→ **WORK REQUIRED**
For this task, extract exactly the lines of the data below, from the line containing "Certified 2024 Buick" through the last one, with pictures left out.

→ **AVAILABLE DATA**
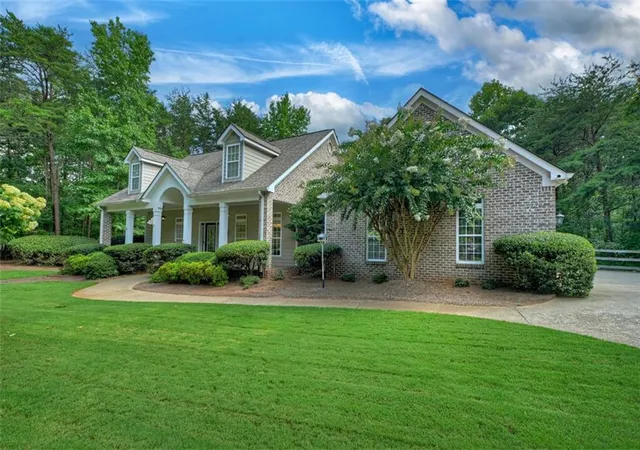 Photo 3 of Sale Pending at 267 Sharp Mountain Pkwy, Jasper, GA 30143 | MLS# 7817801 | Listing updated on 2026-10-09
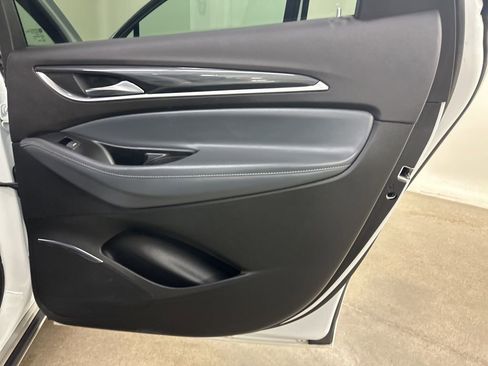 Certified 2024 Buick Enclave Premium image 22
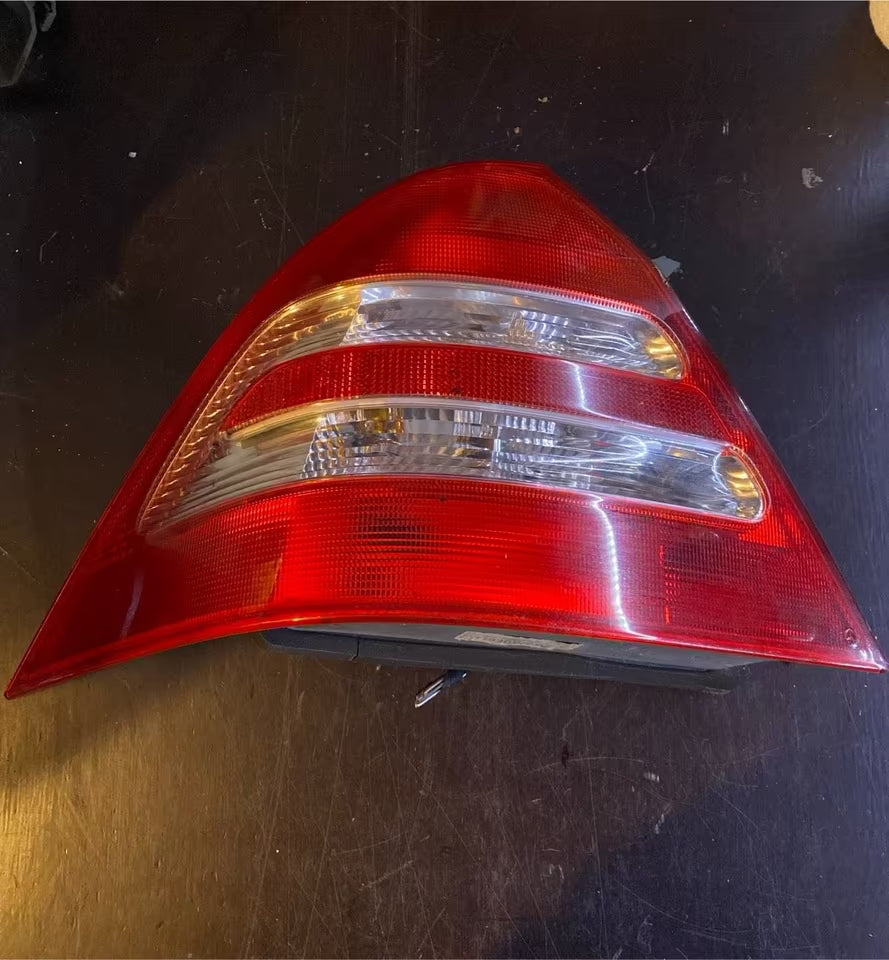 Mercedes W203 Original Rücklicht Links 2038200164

→ **TASK RESPONSE**
 Certified 2024 Buick Enclave Premium image 22
 Mercedes W203 Original Rücklicht Links 2038200164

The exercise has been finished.